1olddogtwo;1519069 said:


> It's a one of a kind. It's a long story with a happy ending


did you have it special made or something?


----------



## 1olddogtwo (Aug 6, 2007)

Sort of western built it for me


----------



## SullivanSeptic (Nov 30, 2008)

I can't wait to steal the stainless mold boards. I'll get them at some point. Buaahahahahaha


----------



## snowish10 (Oct 29, 2010)

Looks amazing!


----------



## durafish (Sep 6, 2011)

Looks good but if your going to go through the trouble of having western build that why not buy a fisher. It's basically the same thing minus the X bracing.


----------



## 2006Sierra1500 (Dec 28, 2011)

Well he already had the Western mounts and probably wants to be able to use his Wideout as well


----------



## durafish (Sep 6, 2011)

Oh I'm sorry I didn't know that.
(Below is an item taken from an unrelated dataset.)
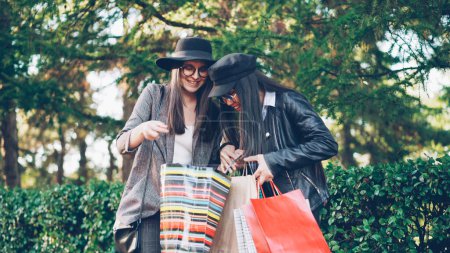 Foto de Dos mujeres jóvenes adictas a las compras están hablando en la calle en la ciudad mirando las compras en bolsas y expresando emoción. Compras, personas y concepto de felicidad
. - Imagen libre de derechos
In that case i makes sense.


----------



## 1olddogtwo (Aug 6, 2007)

2006Sierra1500;1519089 said:


> Well he already had the Western mounts and probably wants to be able to use his Wideout as well


I'm headed back to the east tomorrow I will explian more, lets just say this replaced my wideout


----------



## 1olddogtwo (Aug 6, 2007)

2006Sierra1500;1519089 said:


> Well he already had the Western mounts and probably wants to be able to use his Wideout as well


I'm headed back to the east coast. tomorrow I will explian more, lets just say this replaced my wideout


----------



## TJSNOW (Jul 26, 2009)

Now thats a Game Changer.......:laughing:





Hats off to Western....Nice looking Plow......


----------



## Antlerart06 (Feb 28, 2011)

nice looking plow 

BUT why black wings Other drivers cant see the wings Looks like a accident waiting to happen I would want a color that stands out and can be seen by others


----------



## SullivanSeptic (Nov 30, 2008)

Don't worry, they are only temporary. I have a betting pool started as to how long untill they snap off. I have first dibs and i said they will be in peices in back of truck within the first 25 mins. The kicker is, i think I'm too high on that time.


----------



## sno commander (Oct 16, 2007)

sign me up, been waiting for a stainless pro plus too.


----------



## 1olddogtwo (Aug 6, 2007)

SullivanSeptic;1519166 said:


> Don't worry, they are only temporary. I have a betting pool started as to how long untill they snap off. I have first dibs and i said they will be in peices in back of truck within the first 25 mins. The kicker is, i think I'm too high on that time.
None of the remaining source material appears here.